At a time when practices are being shut down at record rates, staff resignations are rising, and over 20% more GPs are presenting with burnout to the NHS Practitioner health service. It is now not uncommon for GPs to report up to 60 clinical encounters per “half day.”
Having successfully delivered over 75% of Phase 1 and 2 Covid-19 vaccines and while remaining at the forefront of covid care in the community, GP surgeries have continues to deliver their usual routine medical care throughout the pandemic, despite what certain parts of the media would have you believe.
GP surgeries simply cannot sustain such an overwhelming workload. It is simply not possible.
Responses from a recent BMA members survey (July 2021; just over 2050 overall respondents) showed:
- just over half (51)% of respondents said they are currently suffering from depression, anxiety, stress, burnout, emotional distress or another mental health condition
- of these, one in five (23%) are suffering ‘worse than before the start of the pandemic’

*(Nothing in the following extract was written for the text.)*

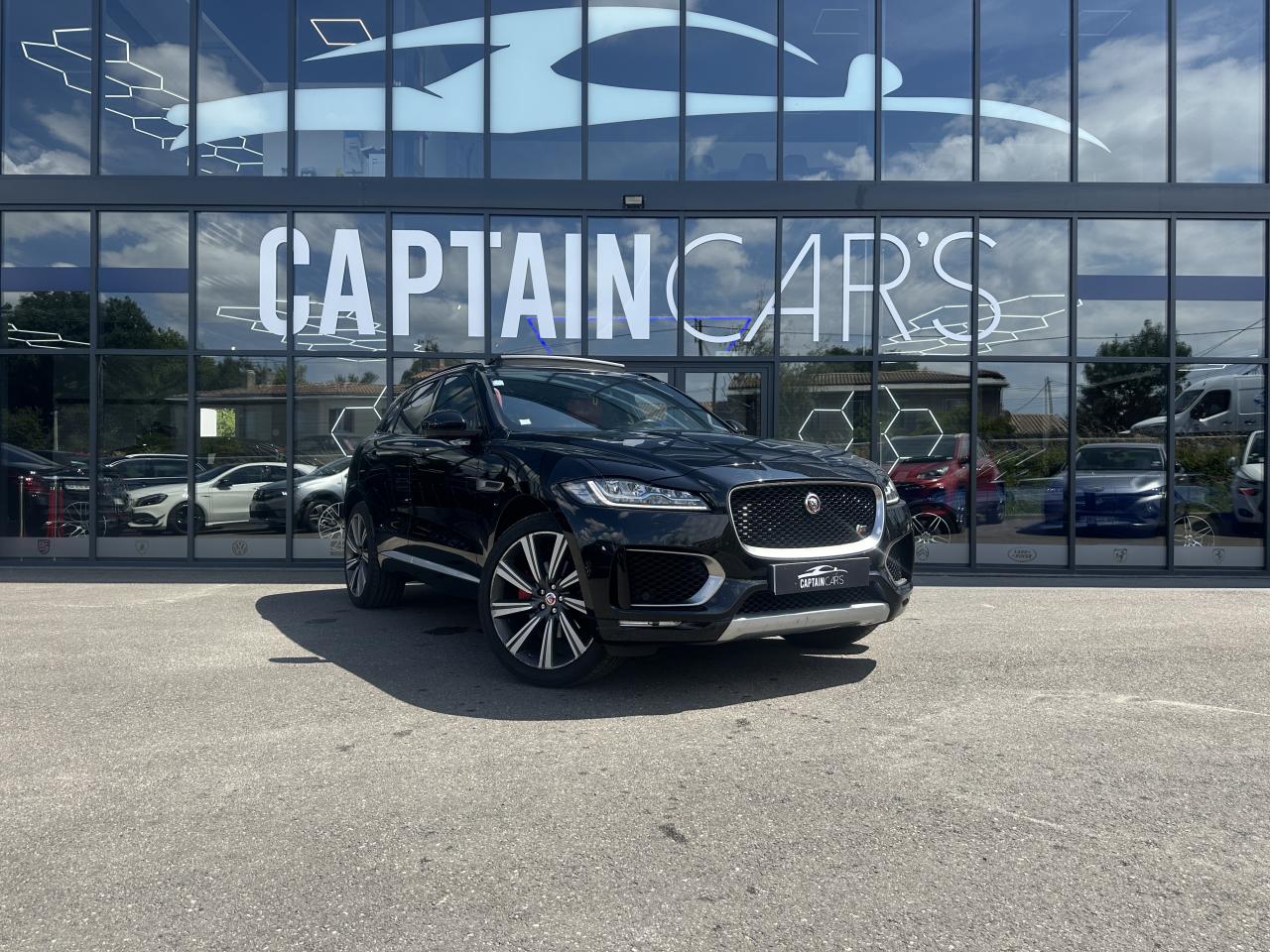 JAGUAR F-PACE 3.0 D V6 - 300 - BVA Stop/Start - AWD R-Sport - GARANTIE 12 MOIS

- just under half (47%) plan to work fewer hours after the pandemic
- slightly more than two in five (44%) plan to work more flexibly / from home more
- over one in 10 (16%) plan to leave the NHS altogether.
The number of GPs choosing to work part-time has been climbing. Although, ‘part-time’ as a GP very often means working over 40 hours a week and a considerable number of additional unpaid hours just to get through the large numbers of appointments, delivering the workload of more than one member of staff and patient follow-up (administrative) work.
Fewer doctors are looking after greater numbers of patients
Insufficient investment in the GP workforce does not prevent patient numbers from rising. In fact, despite there being 1,704 fewer fully-qualified FTE GPs today than there were in 2015, each practice has on average 1,849 more patients than in 2015.
There are now just 0.45 fully qualified GPs per 1,000 patients in England – down from 0.52 in 2015. For the GPs that remain, this means increasing numbers of patients to take care of. The average number of patients each GP is responsible for has increased by around 300 – or 15% – since 2015.
At the same time, the number of practices is also falling. While many practices have entered into mergers, surgeries can also be closed for other reasons, for example:
- inability to recruit staff and GP partners
- no longer viable
- partner retirements
- CQC closures due to under resourcing.